=== Material for this task ===

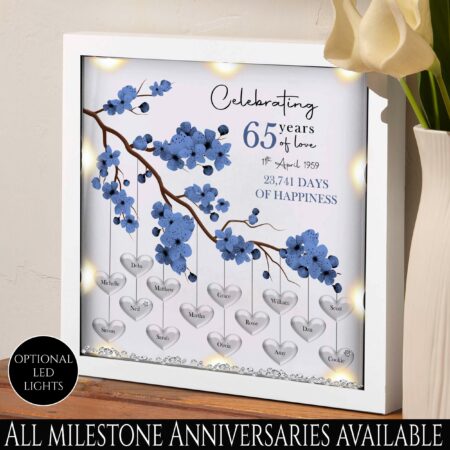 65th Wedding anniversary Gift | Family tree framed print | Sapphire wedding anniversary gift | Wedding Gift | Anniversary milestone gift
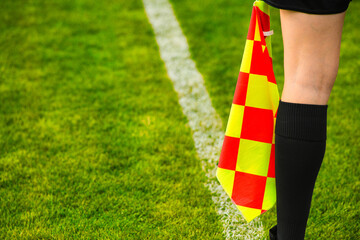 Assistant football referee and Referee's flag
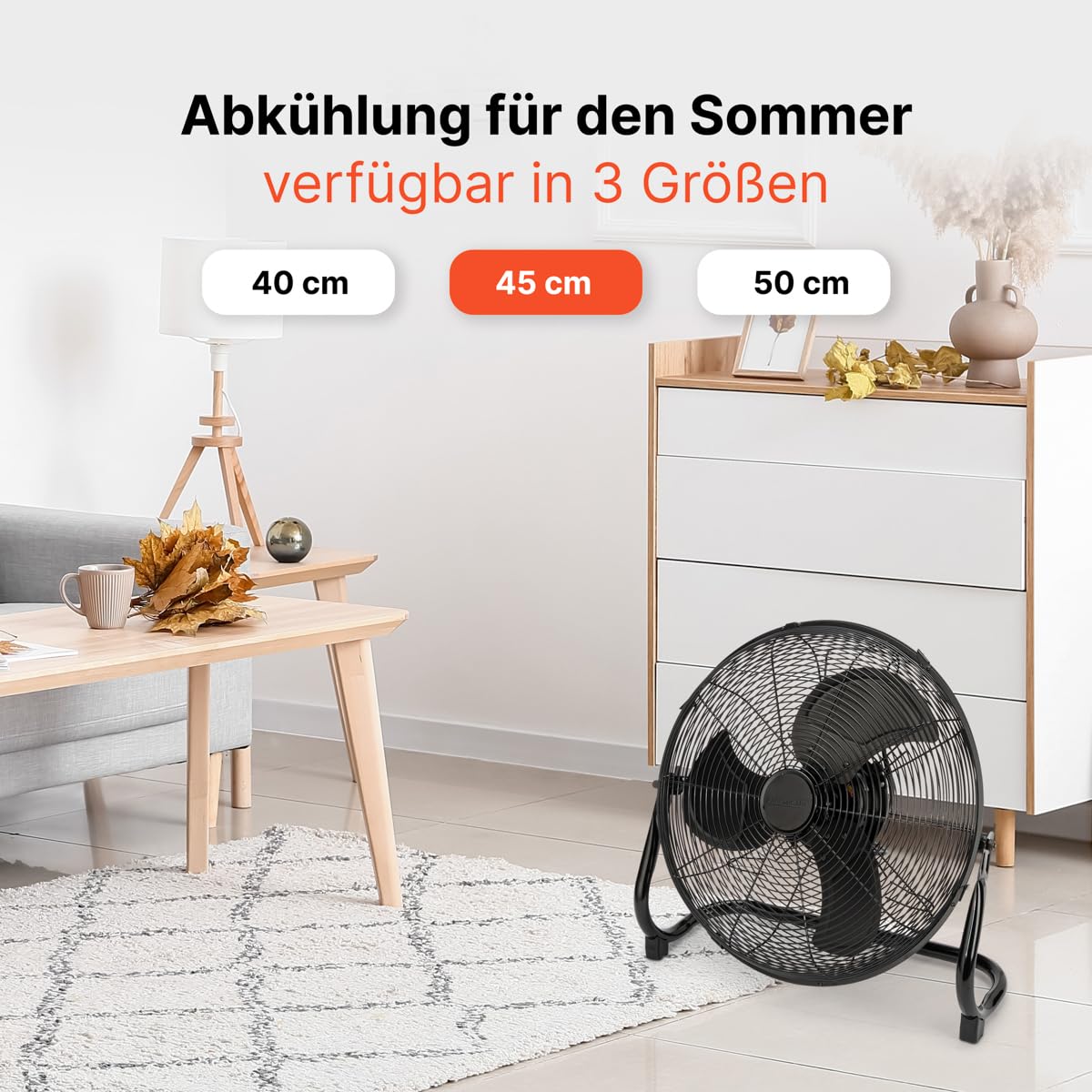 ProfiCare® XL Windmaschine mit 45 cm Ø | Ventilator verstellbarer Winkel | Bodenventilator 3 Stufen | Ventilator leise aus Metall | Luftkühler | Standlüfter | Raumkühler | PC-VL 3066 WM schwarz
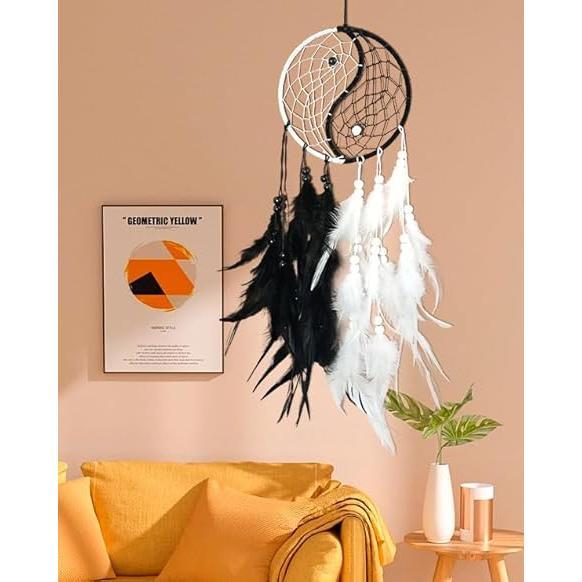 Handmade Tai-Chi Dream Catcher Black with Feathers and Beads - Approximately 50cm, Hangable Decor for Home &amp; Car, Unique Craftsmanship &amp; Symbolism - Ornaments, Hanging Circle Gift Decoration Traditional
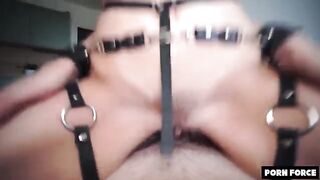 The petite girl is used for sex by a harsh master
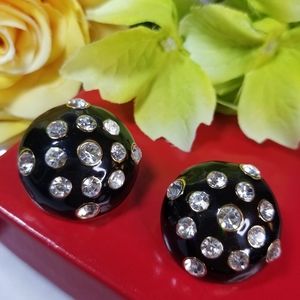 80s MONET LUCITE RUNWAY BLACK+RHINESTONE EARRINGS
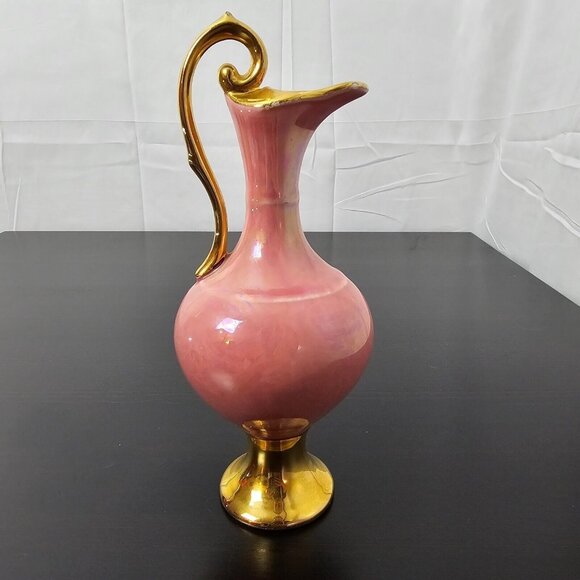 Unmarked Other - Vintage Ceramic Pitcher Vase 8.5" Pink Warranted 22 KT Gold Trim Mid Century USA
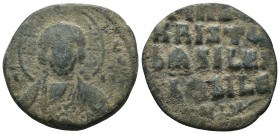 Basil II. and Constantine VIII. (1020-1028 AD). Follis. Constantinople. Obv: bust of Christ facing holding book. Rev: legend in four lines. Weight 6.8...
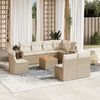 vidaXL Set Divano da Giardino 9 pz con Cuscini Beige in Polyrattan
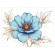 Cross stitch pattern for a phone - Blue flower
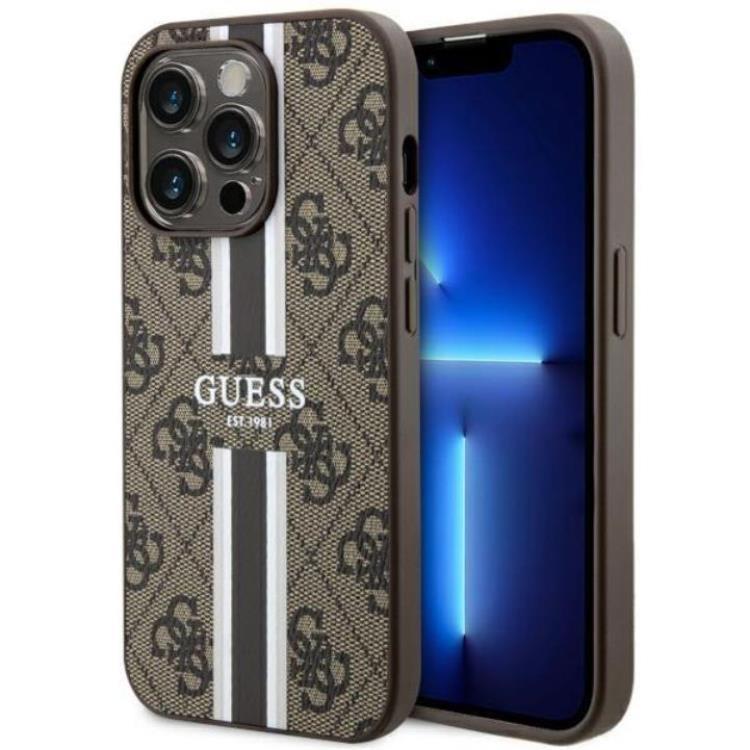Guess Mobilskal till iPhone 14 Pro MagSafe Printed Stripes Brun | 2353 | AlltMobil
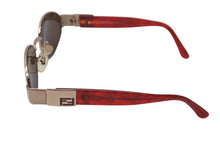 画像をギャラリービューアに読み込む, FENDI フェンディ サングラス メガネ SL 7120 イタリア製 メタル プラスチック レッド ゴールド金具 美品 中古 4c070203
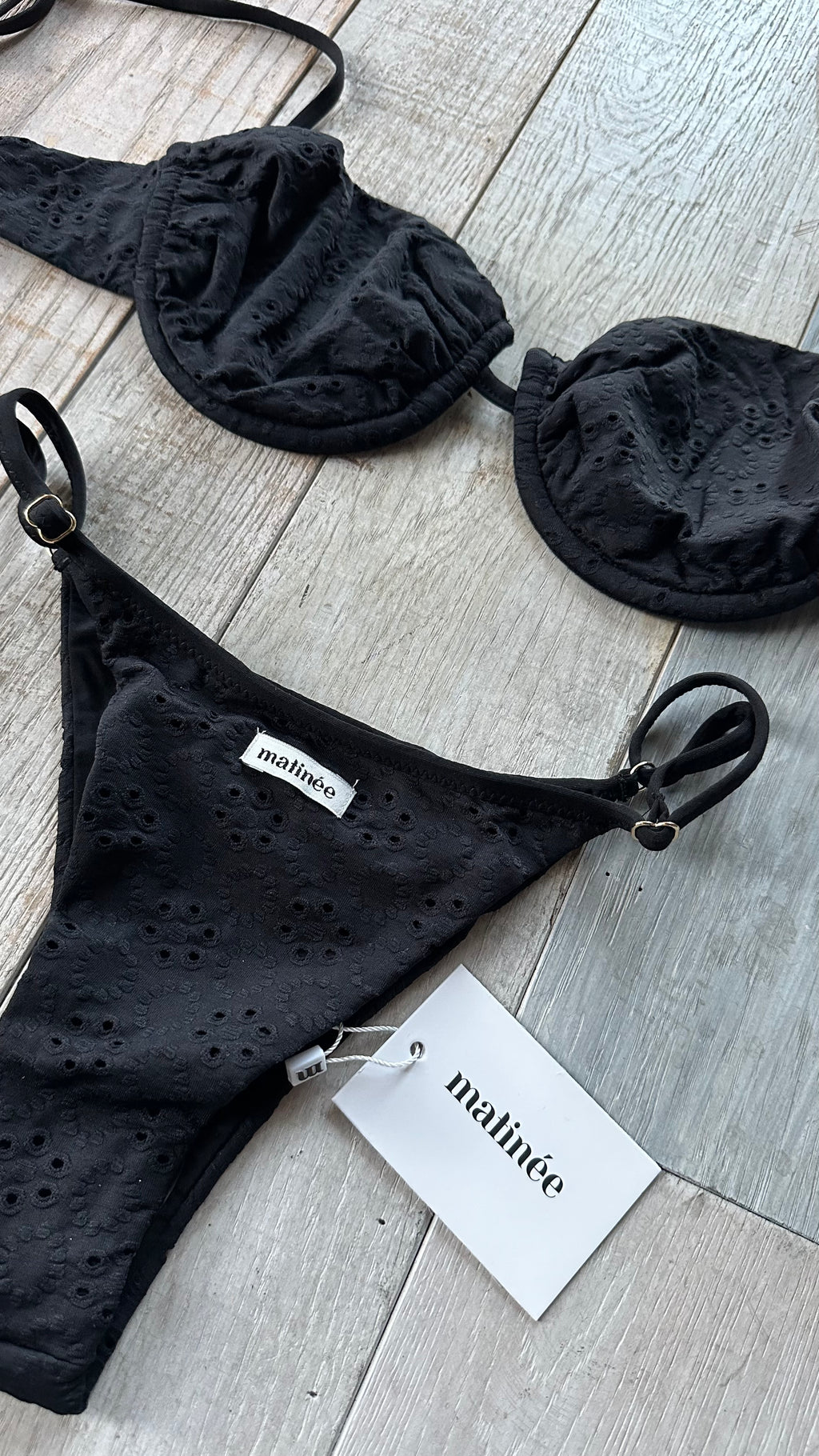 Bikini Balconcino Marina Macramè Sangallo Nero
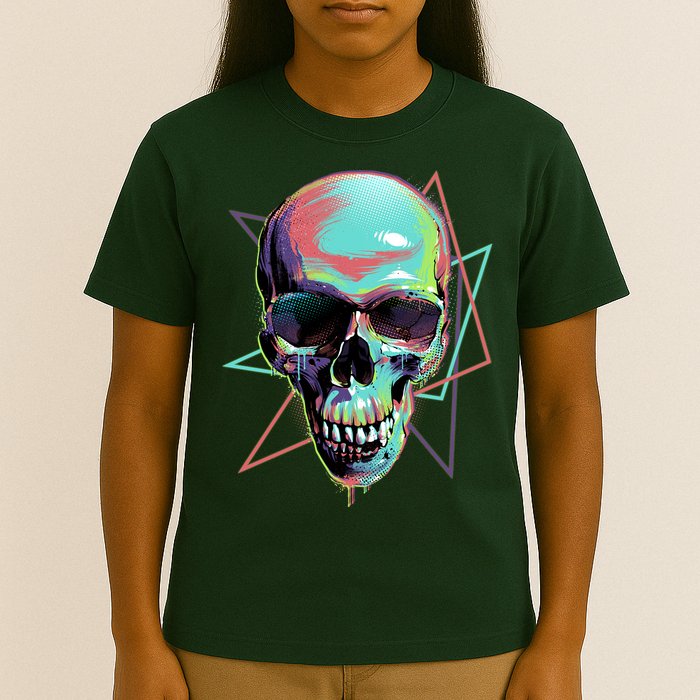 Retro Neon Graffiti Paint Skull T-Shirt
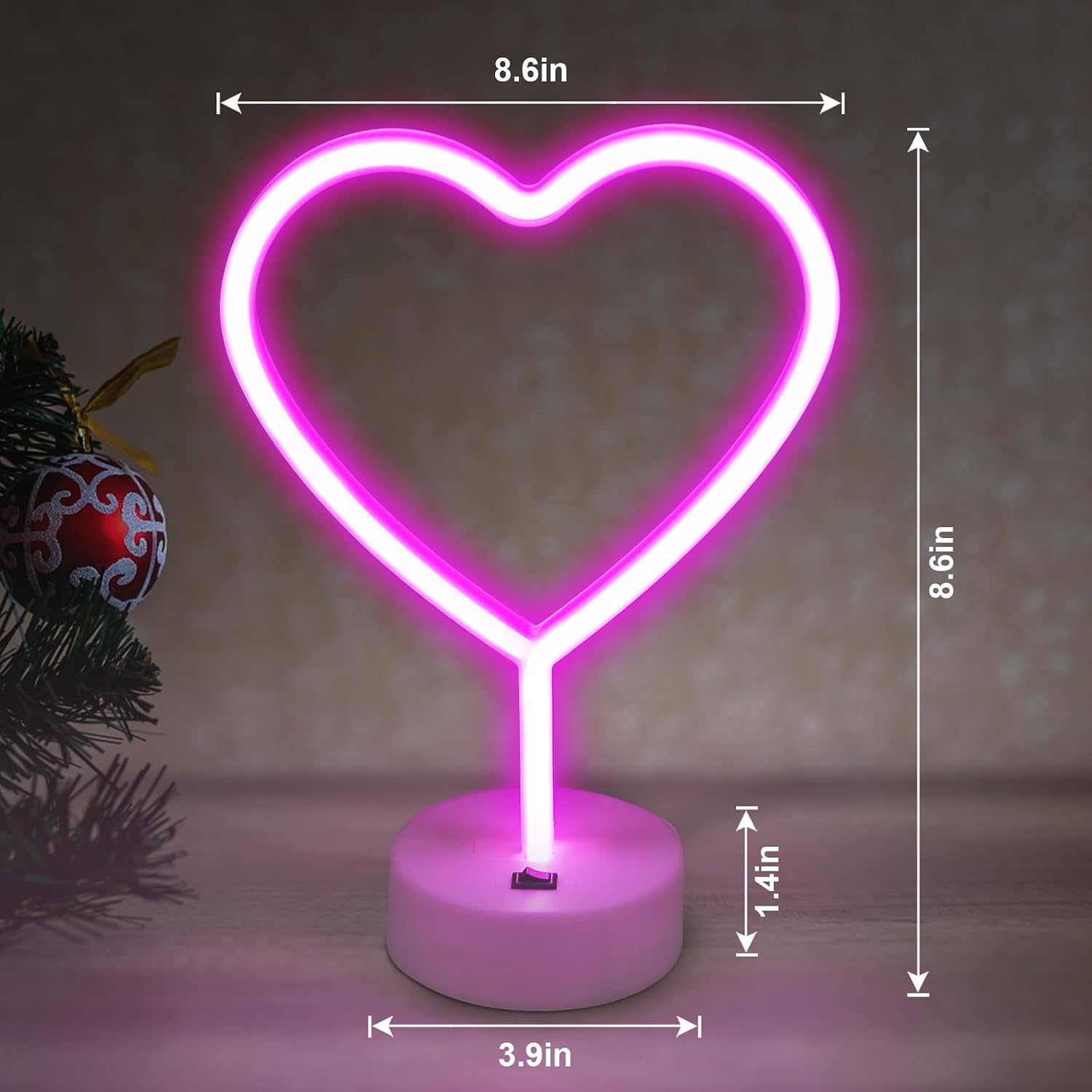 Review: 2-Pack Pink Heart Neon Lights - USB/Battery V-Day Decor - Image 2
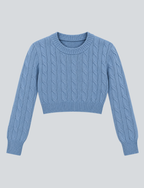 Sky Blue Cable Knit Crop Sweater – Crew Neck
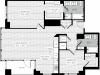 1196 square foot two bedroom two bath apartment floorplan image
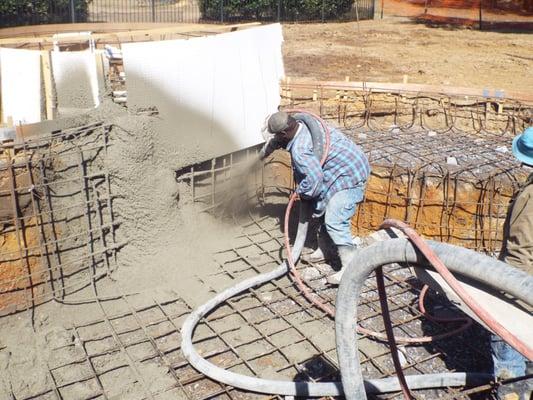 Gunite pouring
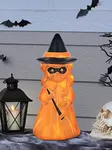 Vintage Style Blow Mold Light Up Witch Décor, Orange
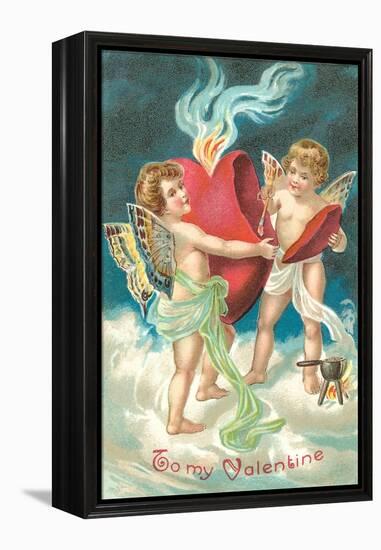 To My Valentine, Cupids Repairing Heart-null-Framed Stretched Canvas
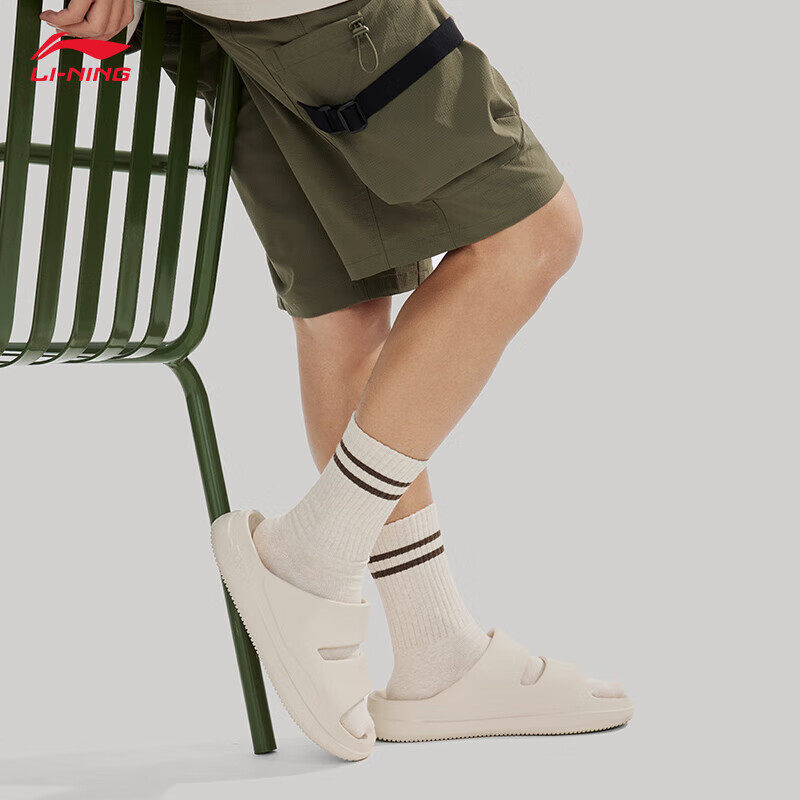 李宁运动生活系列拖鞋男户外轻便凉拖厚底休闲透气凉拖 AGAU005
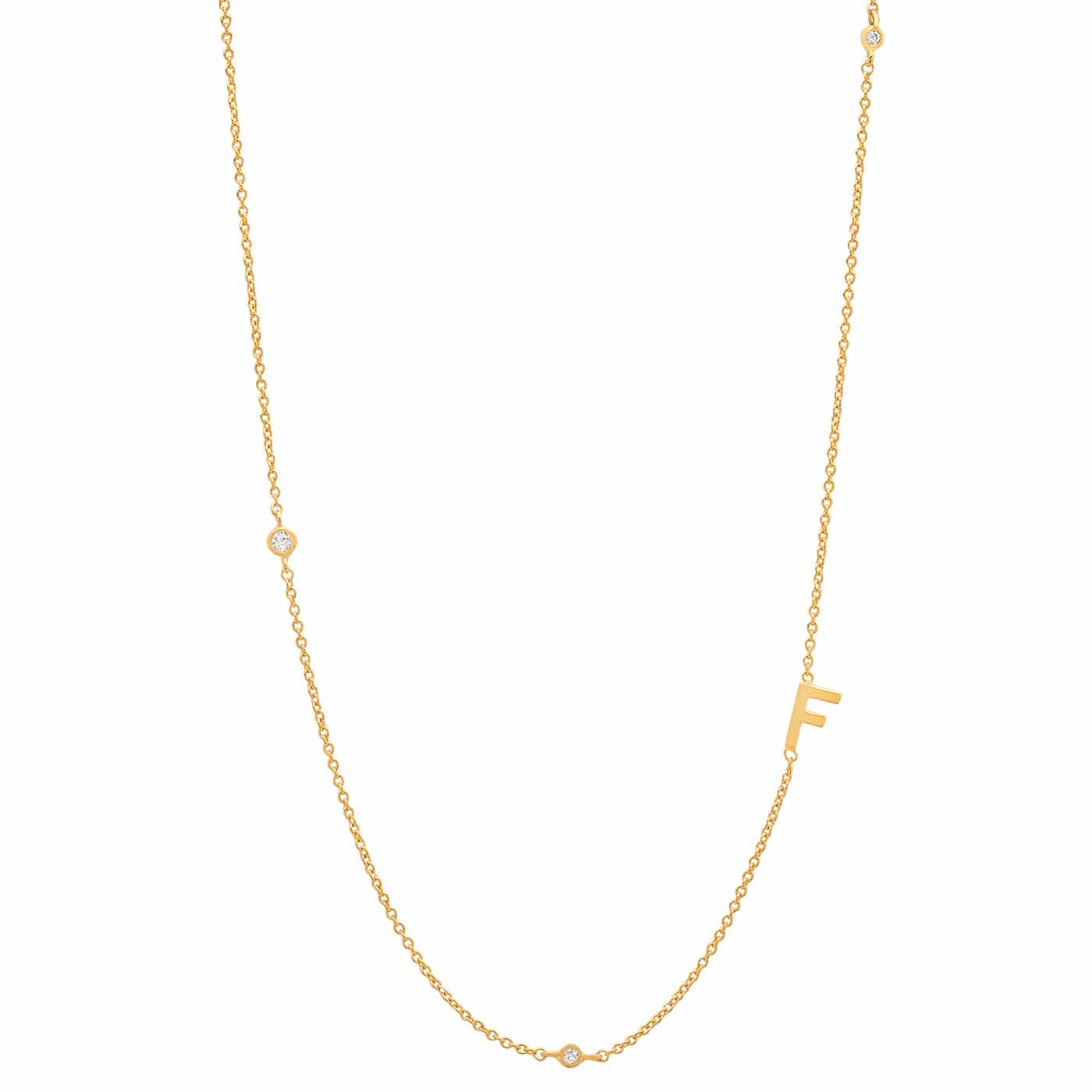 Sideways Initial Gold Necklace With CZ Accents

===

Task instructions: Repeat every entry above exactly; images stay out of the copy.

Answer space:
 65th Wedding anniversary Gift | Family tree framed print | Sapphire wedding anniversary gift | Wedding Gift | Anniversary milestone gift
 Assistant football referee and Referee's flag
 ProfiCare® XL Windmaschine mit 45 cm Ø | Ventilator verstellbarer Winkel | Bodenventilator 3 Stufen | Ventilator leise aus Metall | Luftkühler | Standlüfter | Raumkühler | PC-VL 3066 WM schwarz
 Handmade Tai-Chi Dream Catcher Black with Feathers and Beads - Approximately 50cm, Hangable Decor for Home &amp; Car, Unique Craftsmanship &amp; Symbolism - Ornaments, Hanging Circle Gift Decoration Traditional
 The petite girl is used for sex by a harsh master
 80s MONET LUCITE RUNWAY BLACK+RHINESTONE EARRINGS
 Unmarked Other - Vintage Ceramic Pitcher Vase 8.5" Pink Warranted 22 KT Gold Trim Mid Century USA
 Basil II. and Constantine VIII. (1020-1028 AD). Follis. Constantinople. Obv: bust of Christ facing holding book. Rev: legend in four lines. Weight 6.8...
 vidaXL Set Divano da Giardino 9 pz con Cuscini Beige in Polyrattan
 Cross stitch pattern for a phone - Blue flower
Guess Mobilskal till iPhone 14 Pro MagSafe Printed Stripes Brun | 2353 | AlltMobil
 画像をギャラリービューアに読み込む, FENDI フェンディ サングラス メガネ SL 7120 イタリア製 メタル プラスチック レッド ゴールド金具 美品 中古 4c070203
 Bikini Balconcino Marina Macramè Sangallo Nero
 Retro Neon Graffiti Paint Skull T-Shirt
 Review: 2-Pack Pink Heart Neon Lights - USB/Battery V-Day Decor - Image 2
 Sky Blue Cable Knit Crop Sweater – Crew Neck
 1196 square foot two bedroom two bath apartment floorplan image
 Gunite pouring
 Vintage Style Blow Mold Light Up Witch Décor, Orange
 To My Valentine, Cupids Repairing Heart-null-Framed Stretched Canvas
 李宁运动生活系列拖鞋男户外轻便凉拖厚底休闲透气凉拖 AGAU005
 Sideways Initial Gold Necklace With CZ Accents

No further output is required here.